Hundreds of Early Fossils Recovered by All-Female Team Promises to Illuminate History of Early Humankind
She might not wear a fedora, carry a bullwhip, or have a paralyzing fear of snakes, but archaeologist Alia Gurtov ’07 is giving Indiana Jones a run for his money as she participates in a once-in-a-lifetime expedition digging up hundreds of ancient fossils.
The eyes of those in the archaeological and anthropological worlds are fixed on the Cradle of Humankind caves outside Johannesburg, South Africa, as Gurtov and her five female colleagues carry out a history-making archaeological excavation, recovering hundreds of early hominin fossils that promise to illuminate the history of early humankind.
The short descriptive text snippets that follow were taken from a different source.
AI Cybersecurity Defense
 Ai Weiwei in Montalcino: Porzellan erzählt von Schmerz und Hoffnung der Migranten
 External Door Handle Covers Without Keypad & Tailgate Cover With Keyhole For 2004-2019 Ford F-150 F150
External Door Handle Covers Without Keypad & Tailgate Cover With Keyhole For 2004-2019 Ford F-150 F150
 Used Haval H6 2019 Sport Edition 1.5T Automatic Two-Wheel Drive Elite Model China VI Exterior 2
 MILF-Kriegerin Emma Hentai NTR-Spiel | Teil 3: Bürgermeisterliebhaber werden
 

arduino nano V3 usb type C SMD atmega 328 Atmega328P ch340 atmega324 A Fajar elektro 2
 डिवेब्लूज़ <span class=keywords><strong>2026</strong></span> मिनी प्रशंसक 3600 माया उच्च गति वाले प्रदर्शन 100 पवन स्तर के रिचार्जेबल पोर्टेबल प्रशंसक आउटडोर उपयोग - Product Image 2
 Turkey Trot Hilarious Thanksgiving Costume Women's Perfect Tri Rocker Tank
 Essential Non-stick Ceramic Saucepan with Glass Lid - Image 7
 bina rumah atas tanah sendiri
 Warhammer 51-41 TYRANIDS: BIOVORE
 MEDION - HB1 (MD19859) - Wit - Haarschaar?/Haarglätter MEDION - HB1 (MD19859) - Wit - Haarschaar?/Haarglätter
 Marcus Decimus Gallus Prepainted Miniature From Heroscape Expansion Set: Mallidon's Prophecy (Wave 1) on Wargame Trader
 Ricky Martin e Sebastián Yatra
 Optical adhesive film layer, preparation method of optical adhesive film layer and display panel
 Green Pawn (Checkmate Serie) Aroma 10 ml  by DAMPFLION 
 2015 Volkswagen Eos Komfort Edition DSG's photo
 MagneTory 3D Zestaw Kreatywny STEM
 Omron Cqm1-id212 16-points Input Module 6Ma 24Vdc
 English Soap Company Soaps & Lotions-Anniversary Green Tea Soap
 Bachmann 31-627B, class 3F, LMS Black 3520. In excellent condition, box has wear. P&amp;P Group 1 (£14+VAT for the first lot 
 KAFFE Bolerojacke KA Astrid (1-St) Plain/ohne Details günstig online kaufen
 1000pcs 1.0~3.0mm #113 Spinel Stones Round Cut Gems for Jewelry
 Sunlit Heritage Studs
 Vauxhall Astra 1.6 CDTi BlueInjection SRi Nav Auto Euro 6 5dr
The adventure began in October when Lee Berger, a National Geographic Explorer-in-Residence and professor at the University of Witswatersrand in Johannesburg, organized a small exploratory team of cavers to search for fossils in remote sections of the Cradle of Humankind caves. The cavers discovered a cache of fossils buried deep in the "Rising Star" section of the caves. They shared their discovery with the world-famous paleoanthropologist, who then organized an expedition (christened the Rising Star Expedition) to recover the fossils.
Getting into the cave is incredibly difficult, with one dangerous section measuring only 18 centimeters (roughly 7 inches) wide. With this in mind, Berger sent out a call through social media for “experienced archaeologists of small proportions capable of dropping everything to come to South Africa for the month of November.”
Gurtov (third from right in photo) said that when she read Berger’s message, she and her current teammates all “shared the same reaction: Lee Berger is looking for me!”
Gurtov earned her master's degree in archaeology from Leiden University, Netherlands, and has worked and studied in Senegal, Tanzania, and South Africa; she is currently pursuing her Ph.D. in anthropology at the University of Wisconsin in Madison. Before she was a professional archaeologist, however, Gurtov majored in anthropology at Wellesley, taking courses in the same vein as Wellesley 207X: Introduction to Human Evolution.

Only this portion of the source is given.